Such are the most obvious characteristics of the common trout; and however the aquatic tribes may differ in size and structure, the same admirable adaptation to existing circumstances is observable in each. From the Cape of Good Hope to the Isthmus of Suez, from the palm-encircled lakes of the torrid zone to the cold and stony rivers of pitiless Labrador, whatever passes through the paths of the great waters, has a form, a structure, and a garment adjusted with the nicest precision to its wants and circumstances.

The operations of nature, like those of Provividence, are equally interesting in their minuter parts. The hand of Deity is confessed in the magnificence of creation; in those creatures that perambulate the "liquid weight of half the globe;" but in the morning frost-work his influence is noticed by few. Yet, what more beautiful or worthy of remark, than the intricate, varied, and elegant crystallizations, that often form on our windows during a November night, an effect produced by that silent, rapid, invisible agent, which men call frost. As the month advances to a close, its operations are still more wonderful and striking. The ever moving surface of the brooks, that flashed and sparkled to the sunbeams, are changed, in

one night, into a firm crystal pavement, the waters are congealed into ice, they are clothed as with a breast-plate; rapid streams are also arrested in their course; and the little waterfalls present clusters of transparent pillars.

"And thus, it freezes on,

Till morn, late rising o'er the drooping world,
Lifts her pale eye unjoyous. Then appears
The various labour of the silent night;

Prone from the dripping cave and dumb cascade,
Whose idle torrents only seem to roar,

The pendant icicle, the frost-work fair,
Where transient hues, and fancy'd figures rise.
The forest bent beneath the plumy wave,
And by the frost refin'd, the whiter snow,
Incrusted hard, and sounding to the tread
Of early shepherd, as he pensive seeks
His pining flock, or from the mountain top,
Pleas'd with the slippery surface, swift descends."
THOMSON.

In frosty weather, the constellations are also very brilliant.
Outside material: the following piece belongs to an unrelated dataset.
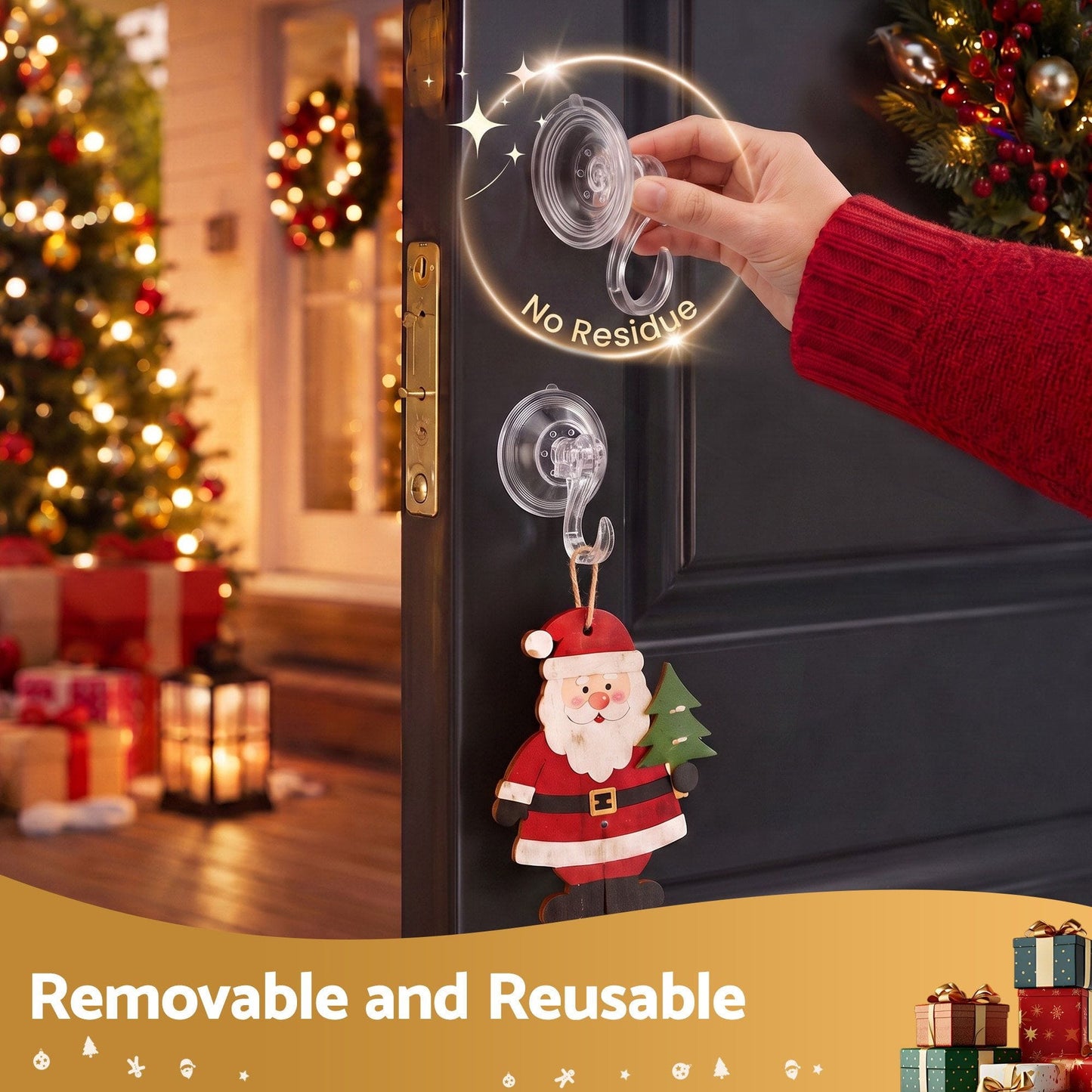 Jingle Jollys Occasions > Christmas > Christmas Wreaths & Garlands Jingle Jollys 2x Suction Cup Hooks Heavy Duty Christmas Wreath Hanger Window 5kg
They shine out "intensely keen," and one starry glitter seems to fill the immensity of space. Aquarius, Pisces, Aries, Taurus, Gemini, and Cancer, appear on the ecliptic; the great and lesser Bears, Cassiopeia, Cepheus, Perseus, Auriga, the beautiful Pleiades, the Dolphin's-head, and Swan, the Lyre, and part of Bootes, are visible in different portions of the heavens at ten at night.

337

DECEMBER.

"The cherish'd fields

Put on their winter-robe of purest white :

'Tis brightness all, save where the new snow melts

Along the mazy current. Low the woods

Bow their hoar heads; and, ere the languid sun,

Faint from the west, emits his evening ray,
Earth's universal face, deep hid and chill,
Is one wild dazzling waste, that buries wide
The works of man."

THOMSON.

READER! there is much in this dull month to interest you, to call forth the best affections of the heart, to cause you to think of Him, who appoints the stormy winds and driving shower to fulfil his purposes of love.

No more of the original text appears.